1979’da Ayetullah Humeyni liderliğinde gerçekleştirilen İslam Devrimi Şah Pehlevi’nin Batı ile kurduğu derin ilişkileri koparırken, Rusya önemli bir müttefik olarak belirdi.
ABD’nin uyguladığı yaptırımlar her ne kadar engel olsa da İran Rusya ile ilişkilerini her alanda geliştirdi. En büyük ortaklıkları ise, 2011’den sonra başladı.
Rusya’nın Sovyetler Birliği’nden miras olarak aldığı müttefiklik ile İran’ın yıllardır ilmek ilmek dokuduğu Şii Hilali’ndeki önemi Suriye’yi iki ülke için de vazgeçilmez kıldı. Arap Baharı olarak başlayan süreçte ilk önce İran daha sonra da Rusya bütün gücüyle Suriye rejiminin yanında yer aldı.
İran ile Rusya, özellikle kendilerine müzahir grupların etkinliği ve İsrail’in Suriye’de gerçekleştirdiği saldırılar nedeniyle zaman zaman çıkar çatışması yaşasa da bugüne kadar müttefiklik ilişkisini sürdürdü.
Bugünlerde ise, 8 ayı geride bırakan Ukrayna-Rusya savaşında İran’ın ismi sık sık anılıyor. Başkent Kiev başta olmak üzere birçok Ukrayna kentinde sivil veya askeri hedeflere gerçekleştirilen saldırılarda İran izleri aranıyor. Ukrayna ordusunun ele geçirdiği bazı askeri ekipmanlar ise, İran’ın Ukrayna savaşındaki varlığının en ciddi katını niteliğinde.
İran Ukrayna savaşına müdahil mi?
Bu sorunun çok farklı cevapları var. İranlılara göre, bu iddia safsatadan ibaret. Ancak ABD’li yetkililere göre, İran Ukrayna savaşına doğrudan müdahil.
Beyaz Saray Ulusal Güvenlik Konseyi Stratejik İletişim Direktörü John Kirby, askeri sistem tedariği iddialarını bir ileri noktaya taşıdı. Kirby İran askerlerinin de doğrudan savaşta yer aldığını söyledi.
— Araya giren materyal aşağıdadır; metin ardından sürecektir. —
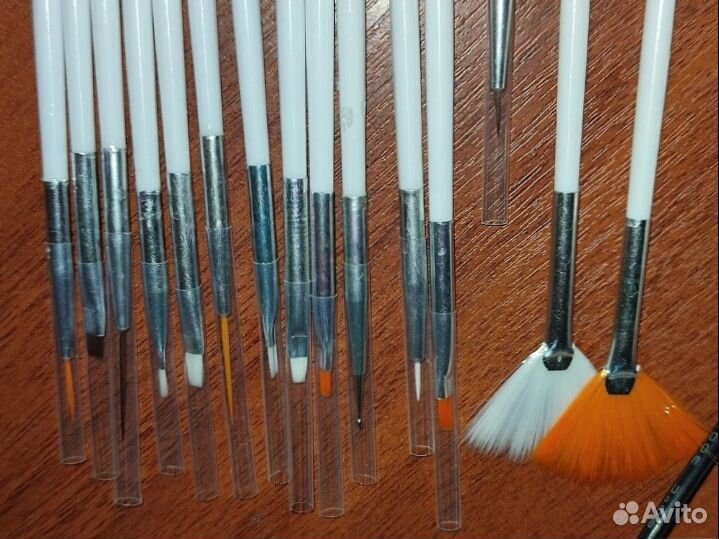 Кисти для маникюра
"Rusya, İran'dan aldığı İHA'ları Kırım'a sevk etti. Bugün, Kırım'da konuşlu Rus askeri personelinin İran pilotlarını kullandığını ve bunu Kiev'deki hava saldırılarında kullandıklarını teyit ediyoruz. İran askeri personelinin Kırım'da sahada olduğunu ve bu operasyonlarda Rusya'ya yardım ettiğini biliyoruz"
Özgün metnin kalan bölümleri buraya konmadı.